--- Data extract Enclosed Below ---

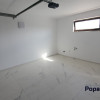 Pipera vila lux P+1E cu 6 camere teren 2000 mp constructie 2008 thumb 7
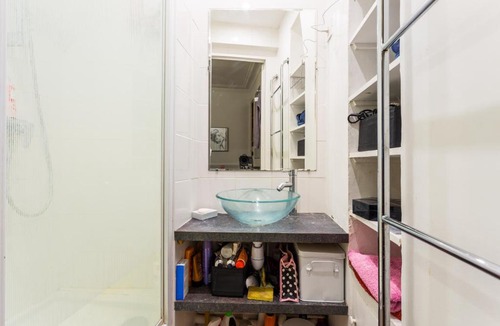 4th Arrondissement Apartment | Beautiful flat in Le Marais
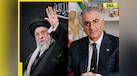  Iran crisis deepens: Exiled crown prince Reza Pahlavi warns Ayatollah Ali Khamenei, says, he will have 'no escape' 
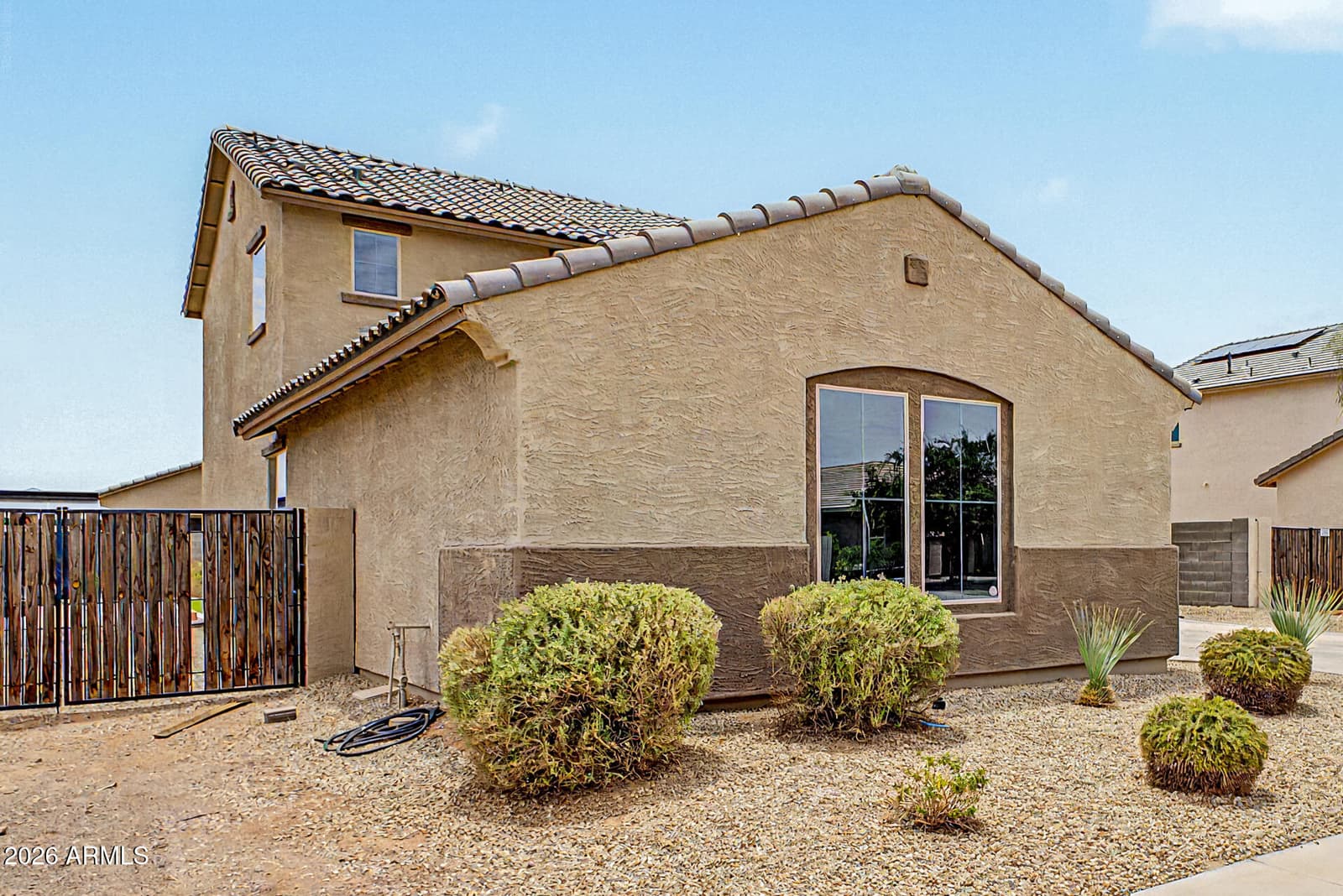 18639 W VIA MONTOYA Drive, Surprise, AZ 85387 — photo 5 of 49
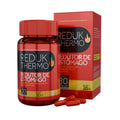 LipoRedux - Reduk Thermo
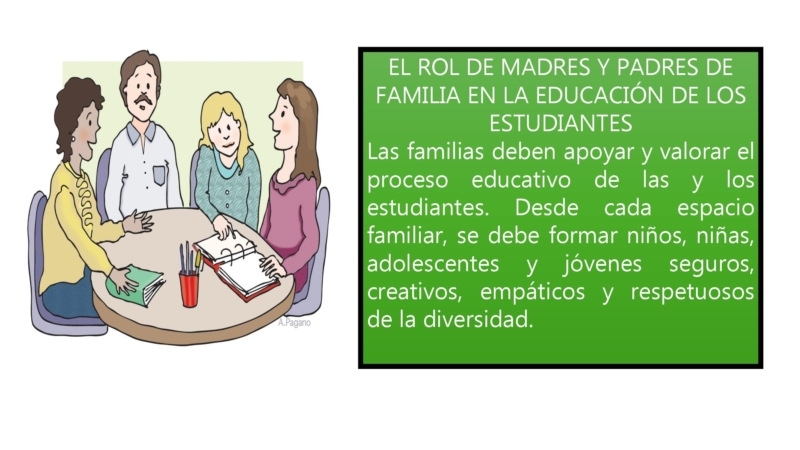 acompanamiento-de-los-padres_00002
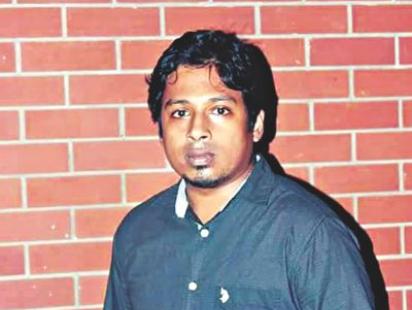 sudipto_biswas.jpg
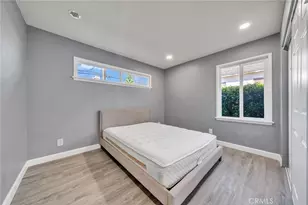 415 Alster, Arcadia, CA 91006 - Photo 20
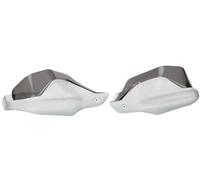 Parabrisas Paramanos Para C400X Para C400GT Para C400 Para 400X Para 400GT 2019 2020 2021 2022 2023 2024 Protector Manos Motocicleta(H)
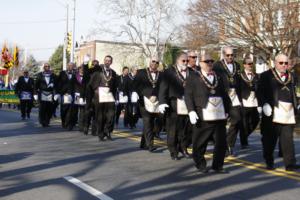 42nd Annual Mayors Christmas Parade Division 1a 2015\nPhotography by: Buckleman Photography\nall images ©2015 Buckleman Photography\nThe images displayed here are of low resolution;\nReprints & Website usage available, please contact us: \ngerard@bucklemanphotography.com\n410.608.7990\nbucklemanphotography.com\n7736.jpg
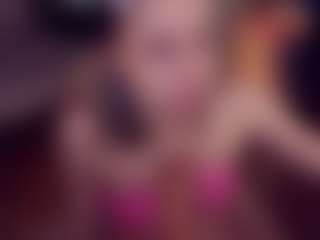 Adabluntaa's Live Sex Cam Show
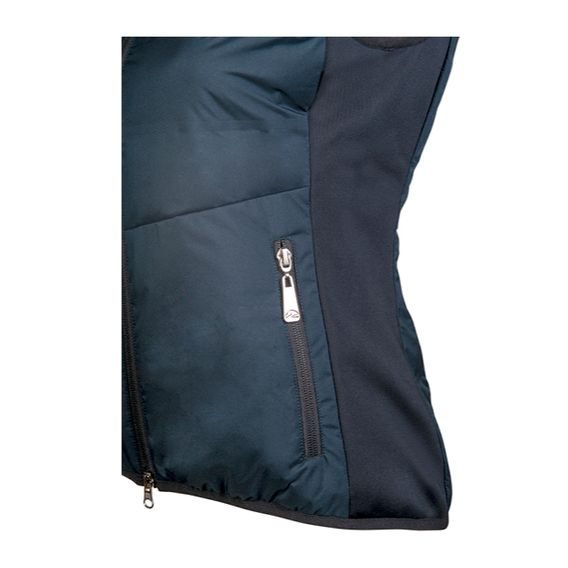 Vesta HKM Comfort Temperature Style dámská + powerbanka KOLEKCE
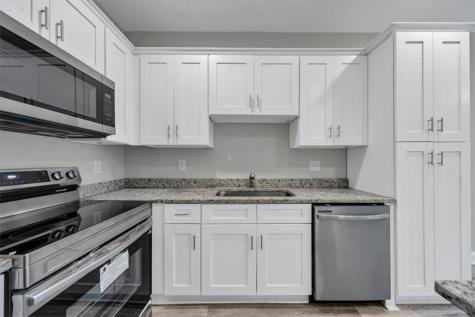 49 Towne Club Drive Jasper GA 30143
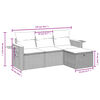 Product Thumbnail Image 3 of 17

--- End of Enclosed Data extract ---

**Directions**
Nothing but the lines from the one containing "Parabrisas Paramanos Para" through the end of the entries should be written out, exactly and without pictures.

**Problem solution**
 Parabrisas Paramanos Para C400X Para C400GT Para C400 Para 400X Para 400GT 2019 2020 2021 2022 2023 2024 Protector Manos Motocicleta(H)
 42nd Annual Mayors Christmas Parade Division 1a 2015\nPhotography by: Buckleman Photography\nall images ©2015 Buckleman Photography\nThe images displayed here are of low resolution;\nReprints & Website usage available, please contact us: \ngerard@bucklemanphotography.com\n410.608.7990\nbucklemanphotography.com\n7736.jpg
 Adabluntaa's Live Sex Cam Show
 Vesta HKM Comfort Temperature Style dámská + powerbanka KOLEKCE
 49 Towne Club Drive Jasper GA 30143
 Product Thumbnail Image 3 of 17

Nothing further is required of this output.